Apple and F1 are continuing to find ways to expose races to more viewers, and the newest experiment will be opening Apple TV to everyone for the Austrian Grand Prix. Apple today will announce that this month’s race in the European nation will be available to anyone who downloads Apple TV and has an Apple ID, with no paid subscription required. That will include practice, qualifying and the Grand Prix.
The move suggests that F1 is looking to Apple to find ways to get the sport in front of more people, after it moved completely off linear TV this season. Other steps Apple has taken this year include airing races on Times Square billboards, at IMAX movie theaters and alt-casts on the free platform Tubi.

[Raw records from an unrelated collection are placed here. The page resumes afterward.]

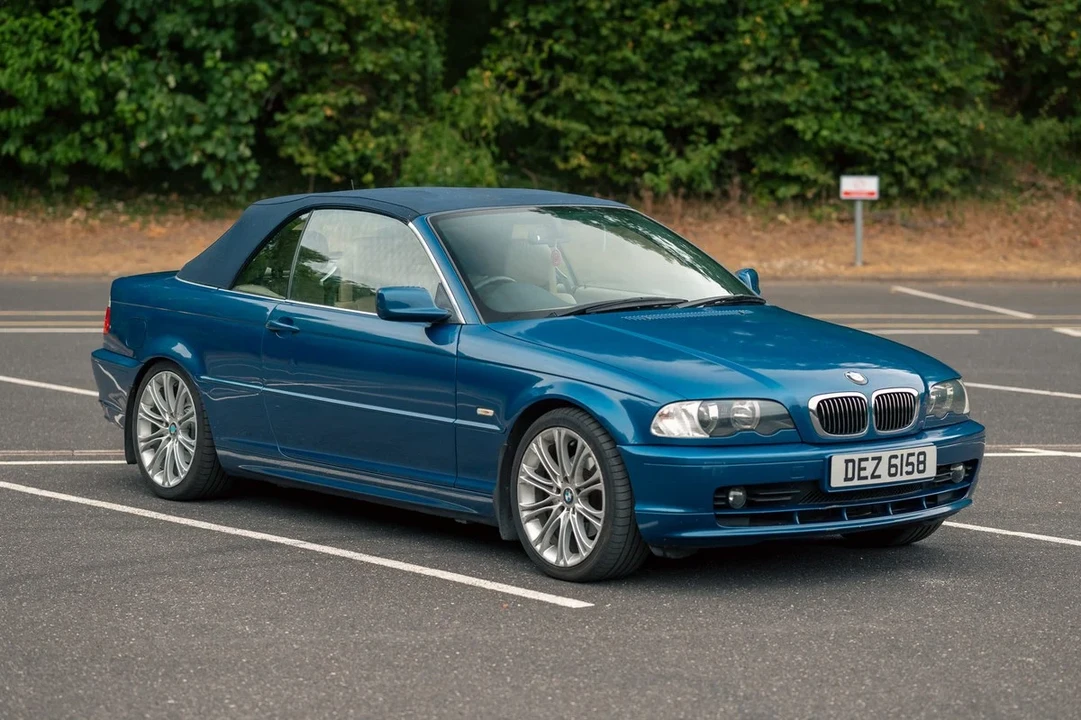 2000 BMW E46 3 Series - Image 10 of 30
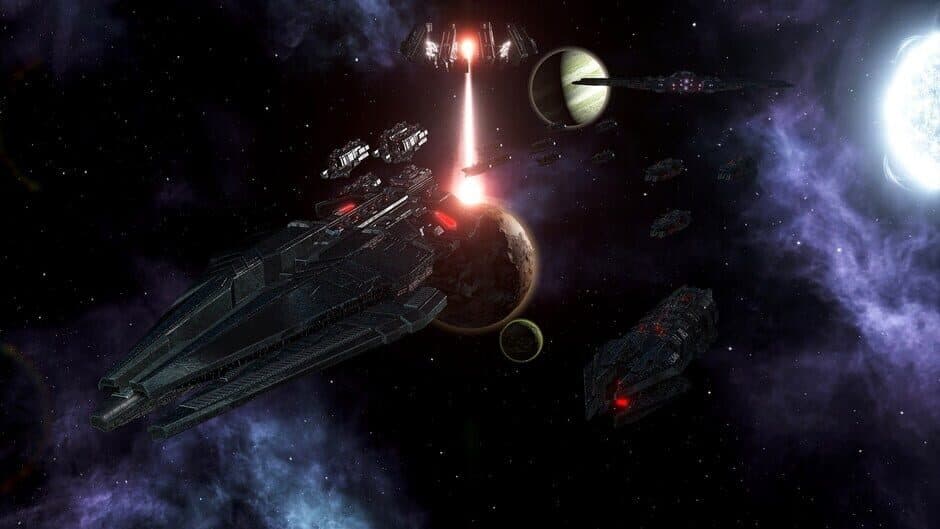 Скриншот 3 из Stellaris: Console Edition - Nemesis
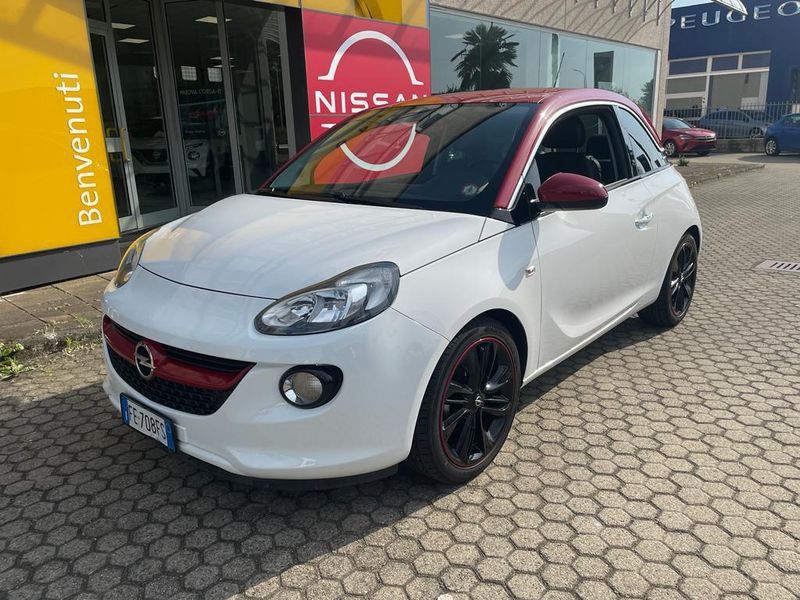 Opel Adam 1.2 70 CV Jam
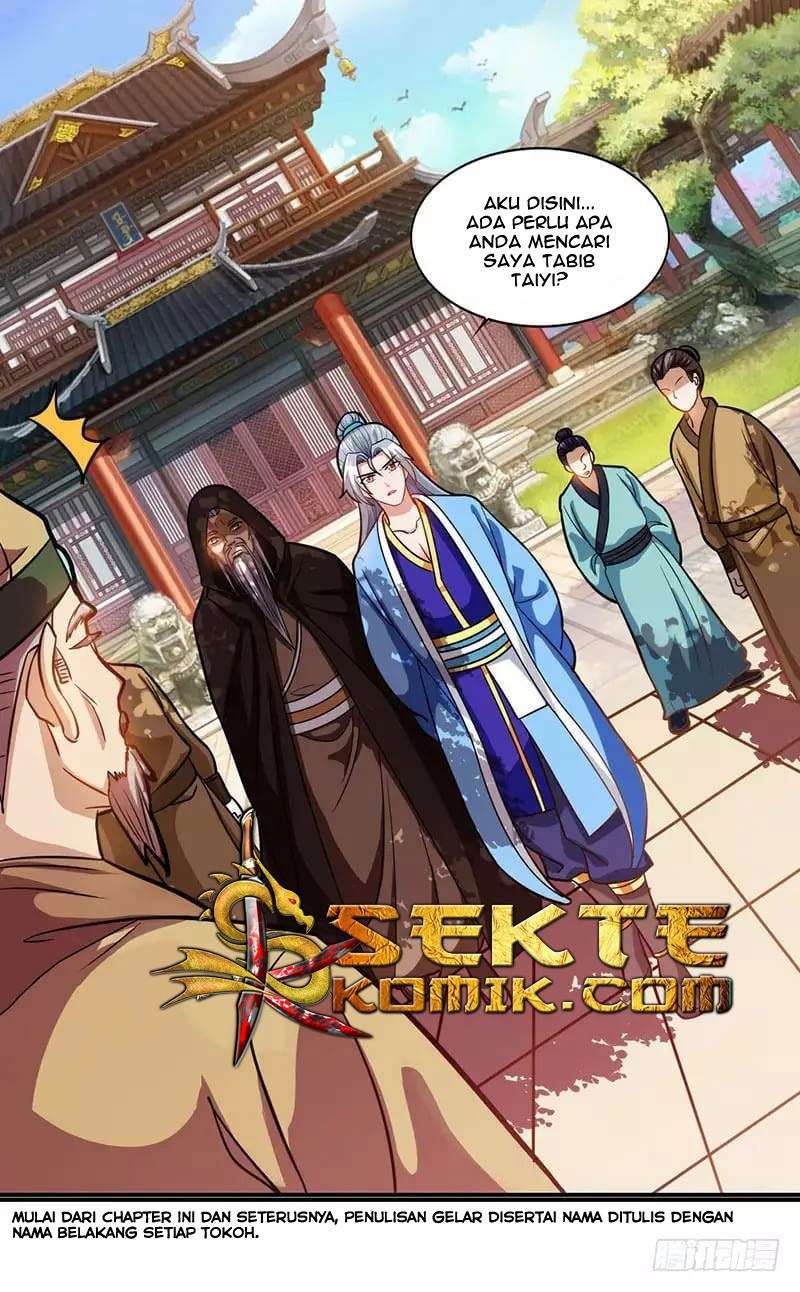 Rebirth After 80.000 Years Passed Chapter 28 Gambar 3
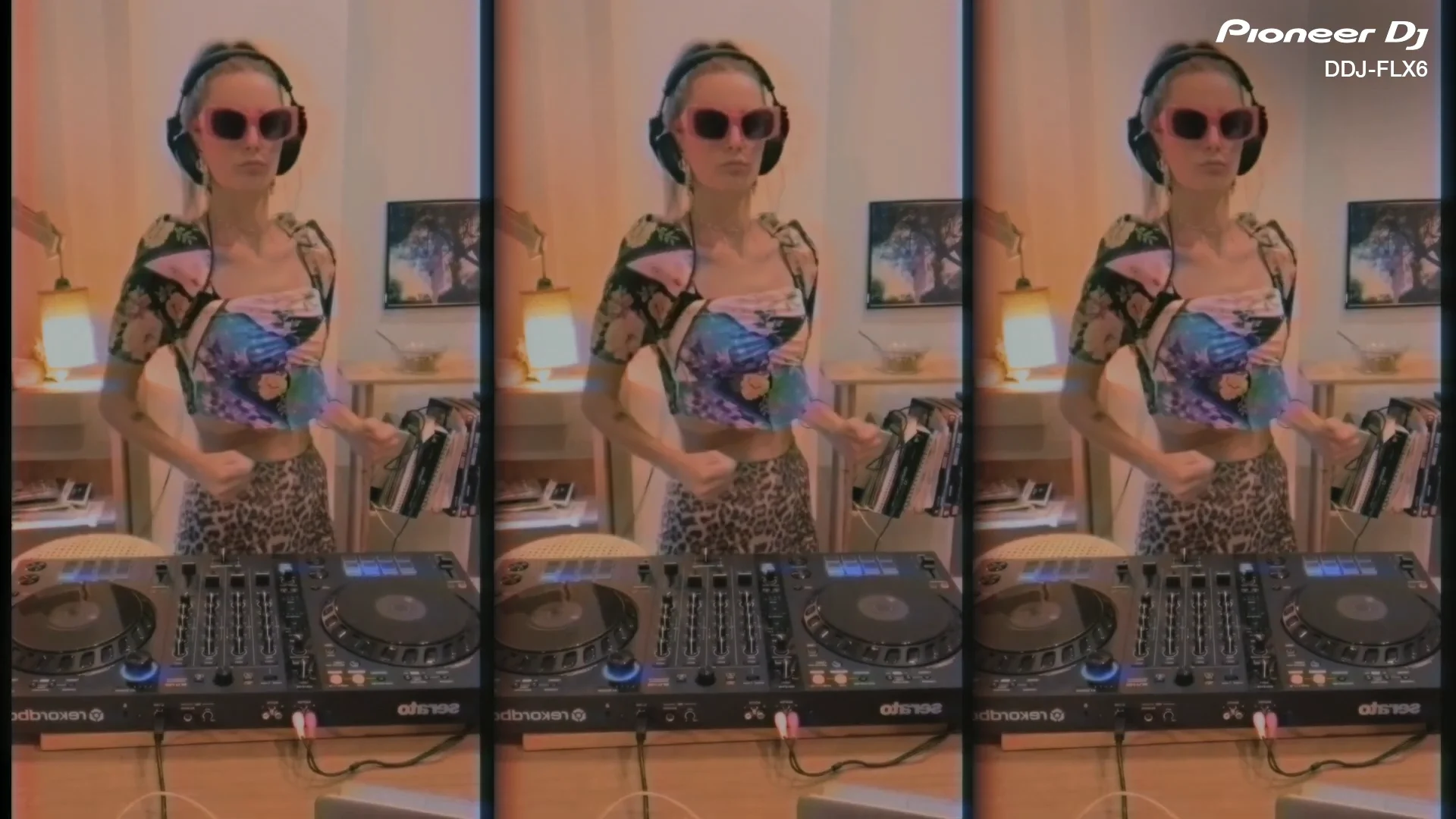 Pioneer DJ Surprises With New TikTok-Friendly DDJ-FLX6 Controller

Apple has said that its viewership numbers so far this season have been comparable to or above what F1 was doing last year on ESPN, but it has yet to publicly release any numbers.
At this year’s Indy 500, McLaren Racing CEO Zak Brown was asked by SBJ if he thought Apple is doing enough with its F1 rights: “Well I think you can always do more, but a lot of people’s concern was, ‘Would the viewing numbers go down?’ In fact, they’re up a lot. I think that was everyone’s really only concern -- when it goes behind a paywall, but the numbers are up. I’ve heard 25-30%. I’ve heard the broadcast is awesome, the different features are awesome and ... I think that product will only get better, better and better.”